The Filson Institute 2025 cohort includes:

Dr. Joe Lockard, Associate Professor in the English Department at Arizona State University. His project seeks to open an informed discussion of early literary culture and its historical development in the Ohio Valley through the lens of George Dennison Prentice’s often forgotten legacy as a poet who cultivated a literary circle in Louisville and Kentucky.? Prentice’s nature poetry, the work of an intellectual raised in Connecticut and encountering a new landscape, sought to territorialize an early ‘west’ amid US geographic expansion. 

Dr. Patrick Doyle is an historian of the United States Civil War who currently holds the position of Lecturer in Modern American History at Royal Holloway, University of London, in the United Kingdom. His research project, “Officers at War: Rethinking Southern Masculinity, Honor, and Violence in the Civil War Era,” will offer the first in-depth study of this culture of conflict by examining a number of duels/feuds, their wider context, and their postwar legacies. He plans to microhistorically investigate four or five particularly compelling and illustrative feuds and situate them within the wider milieu of the mid-nineteenth-century US South, addressing wider questions about the contested nature of masculinity in mid-nineteenth-century America, the South’s honor culture, and honor-based violence more broadly.  

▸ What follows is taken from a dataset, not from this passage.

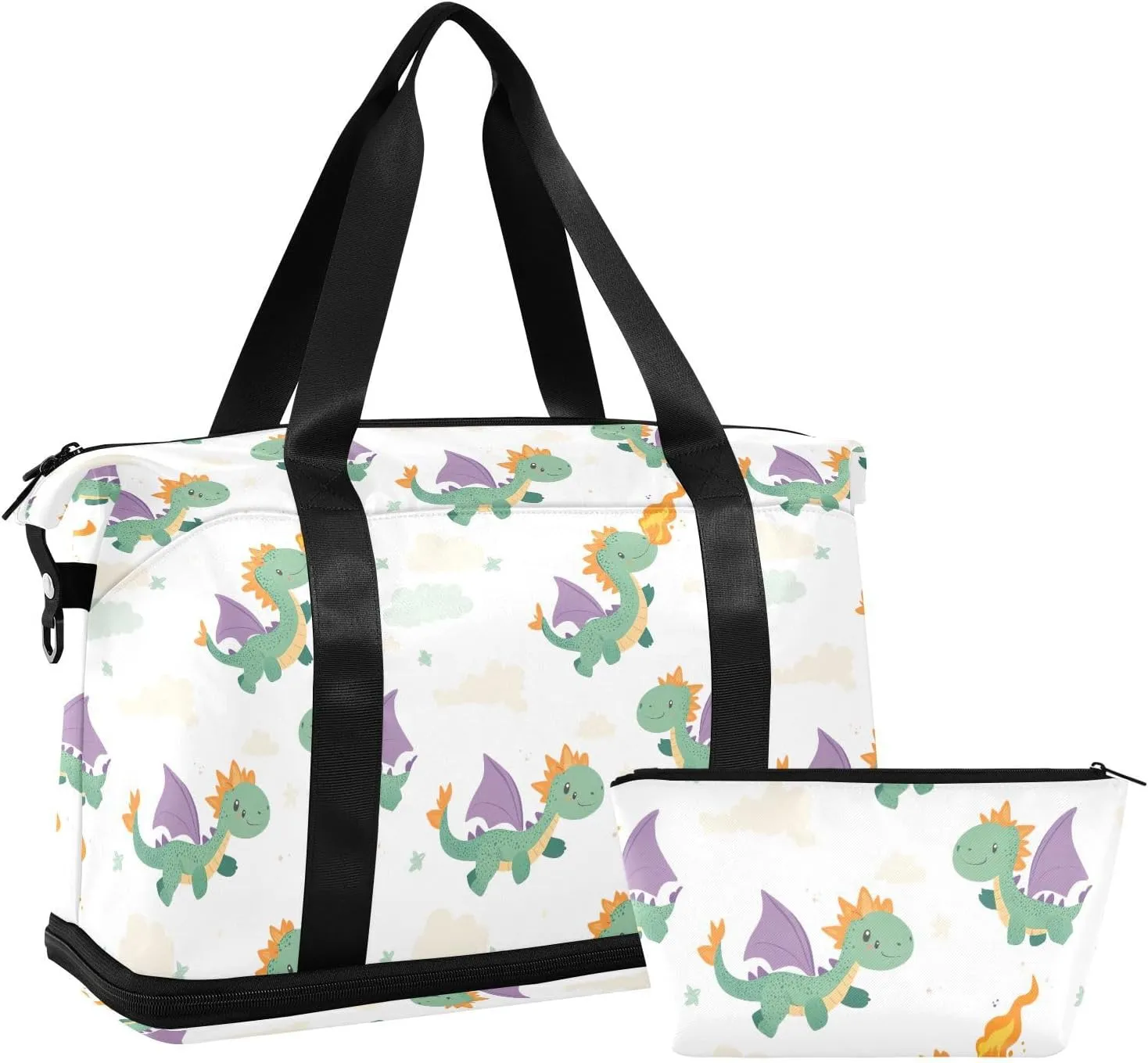 Cute Fire Dragon Sports Gym Bag with Waterproof Dry Wet Pocket, Travel Duffel Bag for Women MenWorkout Bag Fits Yoga, Swimming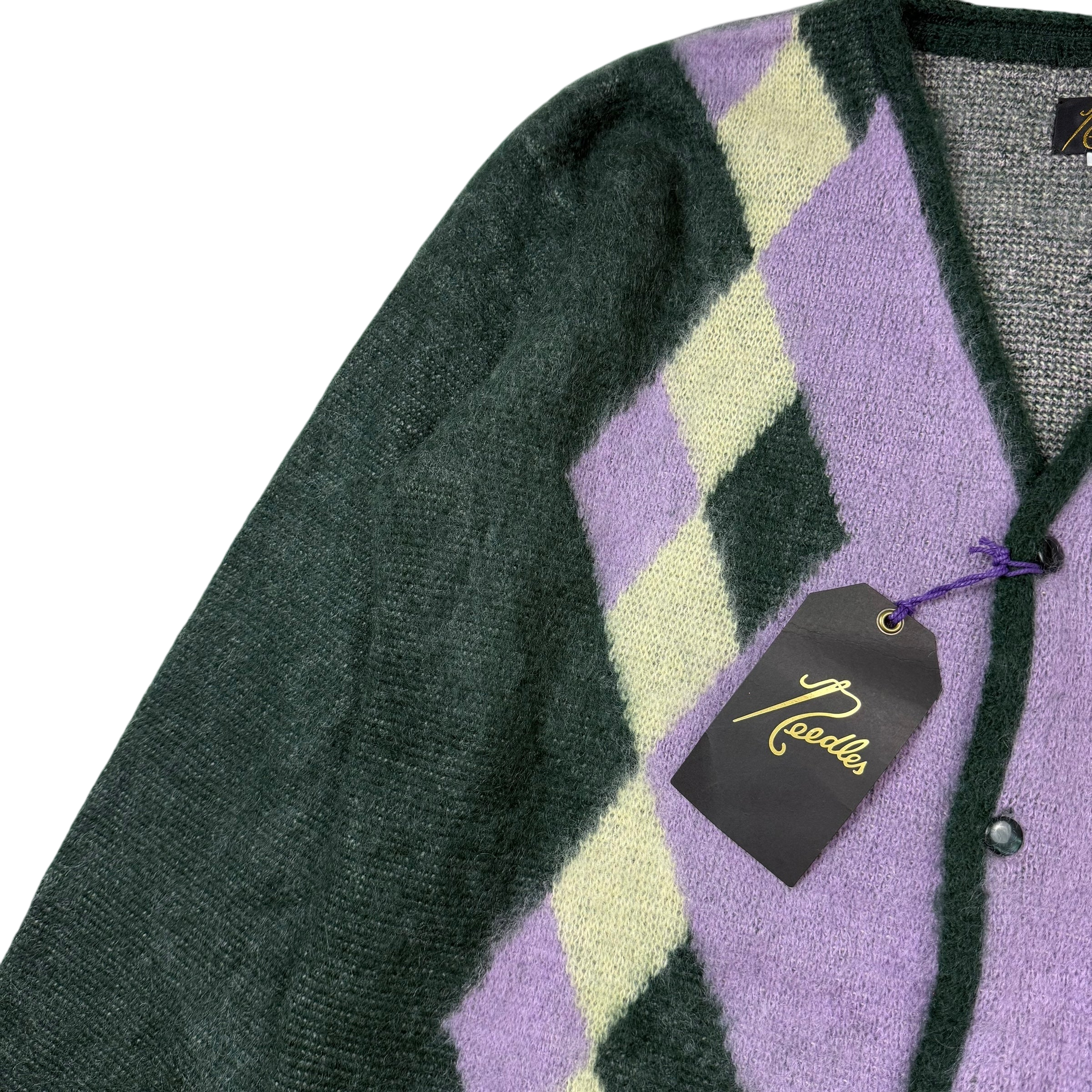 Needles AW22 Mohair Diamond Cardigan Purple & Green (Size L) thumbnail 3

Anna Henderson is a PhD candidate in the History Department at Northern Illinois University, currently completing a dissertation on resistance against slavery among older enslaved people in the early republic and antebellum United States. Her project will examine flight and resistance in the borderlands of Kentucky and Ohio, revealing the level of resistance by detailed evidence on how older enslaved people resisted in various circumstances and under a myriad of personal factors such as physical ability and familial obligations from the mid-eighteenth century through emancipation in 1865. She will assess how the quotidian and extraordinary acts of resistance of older enslaved people impacted their communities and the system of slavery. 

Sammy Roth is a Ph.D. Candidate in the Department of World Arts and Cultures/Dance at the University of California, Los Angeles. Her dissertation is the first critical ethnographic study of competition dance and first full-length scholarly project to center adolescent performers in the US South and the Ohio Valley region specifically. Following dance and performance studies approaches to the performativity of race and gender, her analysis foregrounds complexities in local practices, which both incentivize performing according to racial and heteropatriarchal power to win dance competitions and provide joyful opportunities for self-expression and community-building. Competition dance then demonstrates how oppressive social hierarchies can be naturalized and implicitly expressed through trained bodily habits, aesthetic ideals, interpersonal expectations, and political economic investments.